Of particular note is the fact this recording pre-dates the Blue Note albums for which Coltrane and Mobley are so well known. Here Gitler’s two schools are further subdivided to provide additional commentary about each player. For Coltrane, there are already hints of the “sheets of sound” to come. The Coltrane sound has also been described as very muscular, which sounds about right. In contrast, Mobley’s most successful album to my ears is “Soul Station” with “Workout” a very close second. Gitler uses the term “sinewy” to describe Mobley’s playing.
The players usually associated with the East Coast, Cohn and Sims, find a reflection of their work with jazzmen like Gerry Mulligan, Bob Brookmeyer, and Shelly Manne. Theirs is a more swinging sound influenced by the classic big bands of Woody Herman and Count Basie. In the most complimentary sense, Sims is more smooth than muscular with Cohn more fluid than sinewy. The contrast between bop and modernist is not as obvious here as is the stylistic preferences of each player. While this distinction between schools becomes more pronounced over time, here we listen to an ensemble working hard to achieve harmony and a blending of personalities through this music. It is not clear to me that the Prestige All-Stars would have sounded so cohesive if they had first recorded together in 1966.

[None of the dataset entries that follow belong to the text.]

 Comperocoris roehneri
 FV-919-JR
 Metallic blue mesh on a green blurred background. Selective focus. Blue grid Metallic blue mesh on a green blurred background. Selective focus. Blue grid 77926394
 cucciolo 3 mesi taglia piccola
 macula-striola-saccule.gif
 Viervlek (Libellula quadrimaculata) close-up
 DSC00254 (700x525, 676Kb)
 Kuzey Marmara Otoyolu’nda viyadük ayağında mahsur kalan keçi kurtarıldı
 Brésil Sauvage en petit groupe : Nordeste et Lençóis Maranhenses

|Talk about a career in jazz… Gerald Wilson’s first album as a leader was released in 1961 and his last recording was released in 2011.|
First hearing the big band sound of Gerald Wilson was a revelation. Talk about a career in jazz, Wilson played trumpet in the Jimmie Lunceford Band back in 1936. A mainstay of West Coast jazz players, he wandered in and out of the limelight for 50 years, his first album as a leader, You Better Believe It being released in 1961. He died in 2014 at age 96, with his last recording, Legacy, released in 2011.

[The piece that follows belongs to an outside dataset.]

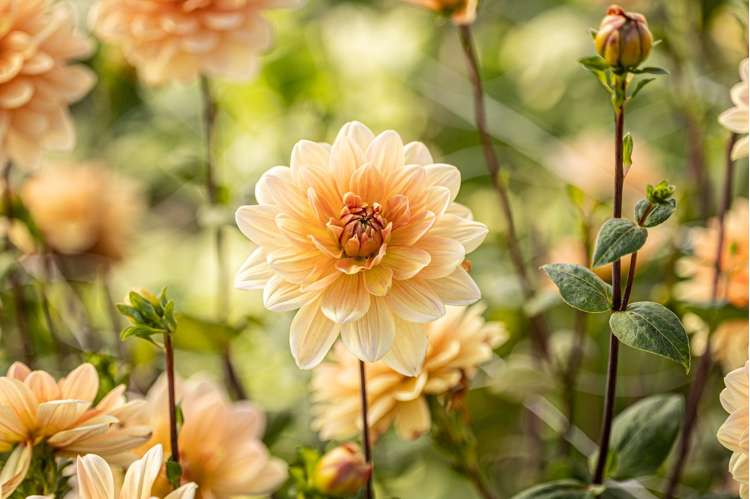 Dahlia 'Apricot Desire'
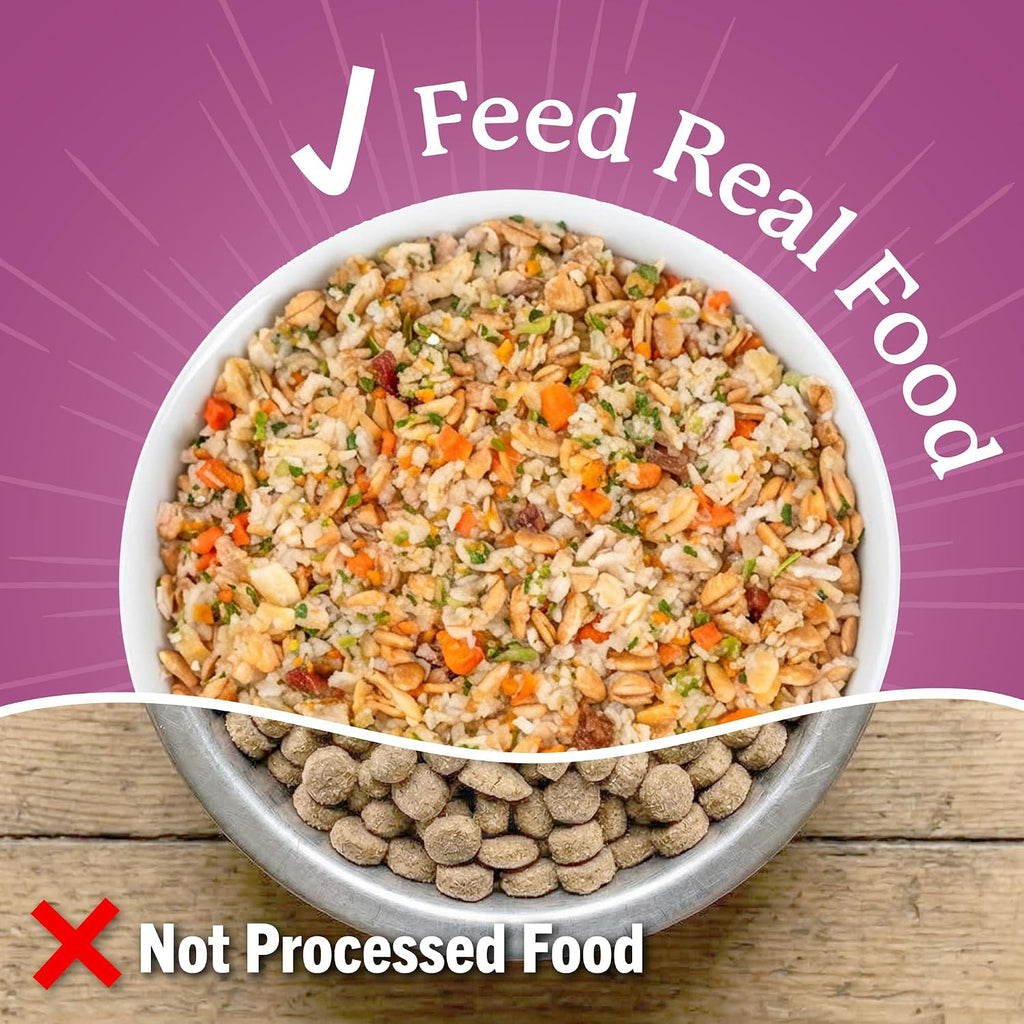 Dr. Harvey's Every Dog Health, Meal with Dehydrated Beef (5 lb) | Complete & Balanced - Organic Whole Grains, Vegetables & Probiotics - Makes 20 Lb of Food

It was a pleasant surprise to discover that he was not only a big fan of the bullfight, but many of his signature works (two of which are reprised on “Detroit” from 2009) are named after famous bullfighters of the 1960s. He considered matadors and jazz musicians to be kindred spirits engaged in a similar kind of art form. Wilson was befriended by bullfighting professionals and is an honorary life member of Los Aficionados de Los Angeles (sort of like the Bullfighter’s Union of the U.S). The complete oeuvre of Wilson’s tributes to the corrida is listed below. I deliberately chose to only include the original of each song, and encourage you to check out some of the later versions on your own.
This song is named for Jose Ramon Tirado. “He was a young matador I first saw at the bullfights in Tijuana, Mexico,” Gerald says. “He was sensational, had a lot of style, reminds me of one of the young trumpeters today. I was so impressed that I wanted to do my impression jazz-wise of what was going on with him.”
This song is named for Paco Camino. “Paco Camino became the biggest man in the bull ring during that period. He came on with some new stuff that was out of sight. Bullfighting is not a sport, you know. It’s an art, continually evolving with new passes, new uses of the cape, new ways of confronting the bull, adding to the repertoire. It’s very much like jazz. Paco was an artist. He improvised. He was the best,” said Wilson in 2004.
Featured in Sports Illustrated in 1963, ” Paco Camino is the greatest torero of the past 20 years,” said Antonio Diaz-Canabate, one of Spain’s foremost authorities, writing in Madrid’s influential newspaper, the A.B.C. “He leads the bull with the muleta where the bull does not want to go. That is the most difficult thing in the art of bullfighting because it involves the total domination of man over beast.” And a well-known Barcelona critic, Jose Maria Hernandez, wrote of Camino, “He does everything to perfection. He has an indefinable magic. People will remember Camino, like Manolete, not for any one pass or quality, but for his general art and technique.”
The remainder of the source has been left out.